▶ _What is expected_
Exactly the lines from the opening of the records through the line containing "Healthy grilled fish" should be copied, with both included.

Stored entries:
=== Section Start ===

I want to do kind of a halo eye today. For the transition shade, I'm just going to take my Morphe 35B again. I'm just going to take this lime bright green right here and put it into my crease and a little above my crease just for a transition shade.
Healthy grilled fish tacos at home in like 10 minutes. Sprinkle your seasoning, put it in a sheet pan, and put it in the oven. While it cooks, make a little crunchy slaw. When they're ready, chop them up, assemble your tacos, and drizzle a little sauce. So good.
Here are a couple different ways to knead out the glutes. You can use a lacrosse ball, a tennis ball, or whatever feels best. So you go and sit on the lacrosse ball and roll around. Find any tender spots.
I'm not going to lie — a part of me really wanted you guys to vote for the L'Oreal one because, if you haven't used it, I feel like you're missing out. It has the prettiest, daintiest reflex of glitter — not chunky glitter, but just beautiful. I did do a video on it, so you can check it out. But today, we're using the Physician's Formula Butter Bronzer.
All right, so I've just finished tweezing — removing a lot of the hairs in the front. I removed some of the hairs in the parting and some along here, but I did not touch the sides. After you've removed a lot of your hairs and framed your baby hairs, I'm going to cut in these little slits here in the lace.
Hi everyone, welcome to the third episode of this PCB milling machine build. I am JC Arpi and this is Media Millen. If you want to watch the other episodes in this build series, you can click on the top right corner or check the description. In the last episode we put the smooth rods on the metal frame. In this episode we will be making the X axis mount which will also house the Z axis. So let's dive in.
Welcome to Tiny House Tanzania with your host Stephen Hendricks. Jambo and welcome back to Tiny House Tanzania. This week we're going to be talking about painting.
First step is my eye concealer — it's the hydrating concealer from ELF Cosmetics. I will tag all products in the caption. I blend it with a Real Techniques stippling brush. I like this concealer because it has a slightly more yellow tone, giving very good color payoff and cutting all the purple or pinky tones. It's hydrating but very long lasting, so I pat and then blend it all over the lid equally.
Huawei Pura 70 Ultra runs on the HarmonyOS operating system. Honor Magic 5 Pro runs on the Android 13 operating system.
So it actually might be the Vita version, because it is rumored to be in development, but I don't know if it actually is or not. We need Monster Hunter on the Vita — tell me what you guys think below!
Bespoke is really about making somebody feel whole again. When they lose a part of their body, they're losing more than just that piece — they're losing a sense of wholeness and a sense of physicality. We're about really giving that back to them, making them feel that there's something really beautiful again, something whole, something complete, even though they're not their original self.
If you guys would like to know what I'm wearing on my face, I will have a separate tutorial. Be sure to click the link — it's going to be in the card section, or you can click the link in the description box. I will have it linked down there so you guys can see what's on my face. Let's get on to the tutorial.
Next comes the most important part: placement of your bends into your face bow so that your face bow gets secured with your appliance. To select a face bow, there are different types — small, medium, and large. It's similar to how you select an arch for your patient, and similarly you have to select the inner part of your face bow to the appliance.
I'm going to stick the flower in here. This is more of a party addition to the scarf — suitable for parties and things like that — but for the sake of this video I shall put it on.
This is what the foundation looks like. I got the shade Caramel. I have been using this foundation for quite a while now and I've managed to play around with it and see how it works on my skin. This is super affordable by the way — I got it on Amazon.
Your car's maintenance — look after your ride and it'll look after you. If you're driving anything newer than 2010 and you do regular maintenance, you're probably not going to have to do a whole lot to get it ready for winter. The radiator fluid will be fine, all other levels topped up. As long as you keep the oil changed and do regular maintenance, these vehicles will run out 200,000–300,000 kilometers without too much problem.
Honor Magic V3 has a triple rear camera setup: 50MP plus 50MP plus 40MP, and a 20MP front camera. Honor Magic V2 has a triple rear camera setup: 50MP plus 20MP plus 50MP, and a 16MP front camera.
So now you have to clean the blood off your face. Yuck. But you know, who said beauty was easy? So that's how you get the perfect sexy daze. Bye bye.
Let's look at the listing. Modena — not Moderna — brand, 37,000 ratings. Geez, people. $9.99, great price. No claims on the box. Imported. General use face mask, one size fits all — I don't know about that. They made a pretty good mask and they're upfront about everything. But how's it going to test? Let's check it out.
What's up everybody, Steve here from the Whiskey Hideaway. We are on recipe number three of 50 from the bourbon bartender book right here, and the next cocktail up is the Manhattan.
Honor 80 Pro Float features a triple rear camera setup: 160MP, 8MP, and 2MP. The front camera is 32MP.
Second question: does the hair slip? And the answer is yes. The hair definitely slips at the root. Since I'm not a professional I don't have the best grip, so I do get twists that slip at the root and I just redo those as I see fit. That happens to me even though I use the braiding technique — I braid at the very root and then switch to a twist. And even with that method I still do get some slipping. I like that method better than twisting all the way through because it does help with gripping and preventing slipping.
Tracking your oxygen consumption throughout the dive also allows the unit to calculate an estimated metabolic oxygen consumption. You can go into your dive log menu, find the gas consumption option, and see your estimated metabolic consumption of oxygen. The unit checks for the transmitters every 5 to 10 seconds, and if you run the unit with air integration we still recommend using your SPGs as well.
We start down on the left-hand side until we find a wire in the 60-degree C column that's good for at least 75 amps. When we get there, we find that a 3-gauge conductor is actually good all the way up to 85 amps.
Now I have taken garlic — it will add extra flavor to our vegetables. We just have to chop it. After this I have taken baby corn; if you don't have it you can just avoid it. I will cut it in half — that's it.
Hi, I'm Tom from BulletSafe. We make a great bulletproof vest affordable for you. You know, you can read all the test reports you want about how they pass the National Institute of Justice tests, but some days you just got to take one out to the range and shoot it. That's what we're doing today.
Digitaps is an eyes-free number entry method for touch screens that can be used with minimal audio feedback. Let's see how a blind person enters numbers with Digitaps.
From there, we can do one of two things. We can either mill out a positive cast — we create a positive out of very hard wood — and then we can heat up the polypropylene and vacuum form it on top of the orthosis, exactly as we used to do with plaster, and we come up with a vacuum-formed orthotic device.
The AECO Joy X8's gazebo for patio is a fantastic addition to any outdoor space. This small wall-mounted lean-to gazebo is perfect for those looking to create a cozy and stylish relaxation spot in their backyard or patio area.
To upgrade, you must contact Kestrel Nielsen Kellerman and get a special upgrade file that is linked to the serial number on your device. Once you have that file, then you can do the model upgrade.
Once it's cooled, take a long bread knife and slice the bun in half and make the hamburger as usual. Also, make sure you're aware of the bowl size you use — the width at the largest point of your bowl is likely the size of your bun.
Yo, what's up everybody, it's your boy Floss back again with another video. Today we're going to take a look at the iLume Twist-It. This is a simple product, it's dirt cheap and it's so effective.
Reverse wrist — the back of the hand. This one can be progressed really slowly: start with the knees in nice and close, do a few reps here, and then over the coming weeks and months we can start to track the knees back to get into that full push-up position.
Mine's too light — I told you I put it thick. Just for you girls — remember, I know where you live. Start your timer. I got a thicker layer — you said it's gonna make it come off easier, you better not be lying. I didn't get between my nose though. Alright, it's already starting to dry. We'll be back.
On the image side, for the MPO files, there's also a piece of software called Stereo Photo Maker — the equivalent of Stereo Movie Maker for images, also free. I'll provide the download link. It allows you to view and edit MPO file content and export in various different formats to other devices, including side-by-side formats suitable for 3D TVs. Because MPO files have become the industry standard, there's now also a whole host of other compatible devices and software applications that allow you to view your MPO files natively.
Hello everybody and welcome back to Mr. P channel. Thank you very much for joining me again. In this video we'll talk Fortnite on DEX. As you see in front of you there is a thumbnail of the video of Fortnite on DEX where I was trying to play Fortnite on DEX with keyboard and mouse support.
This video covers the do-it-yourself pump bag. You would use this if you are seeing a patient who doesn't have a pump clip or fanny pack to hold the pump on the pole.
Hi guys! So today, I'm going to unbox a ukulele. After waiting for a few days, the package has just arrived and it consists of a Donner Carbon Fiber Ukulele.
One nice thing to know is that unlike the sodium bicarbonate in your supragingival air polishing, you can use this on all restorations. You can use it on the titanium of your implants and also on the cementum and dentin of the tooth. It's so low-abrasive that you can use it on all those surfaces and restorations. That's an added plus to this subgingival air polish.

=== Section End ===

▶ _Response area_
I want to do kind of a halo eye today. For the transition shade, I'm just going to take my Morphe 35B again. I'm just going to take this lime bright green right here and put it into my crease and a little above my crease just for a transition shade.
Healthy grilled fish tacos at home in like 10 minutes. Sprinkle your seasoning, put it in a sheet pan, and put it in the oven. While it cooks, make a little crunchy slaw. When they're ready, chop them up, assemble your tacos, and drizzle a little sauce. So good.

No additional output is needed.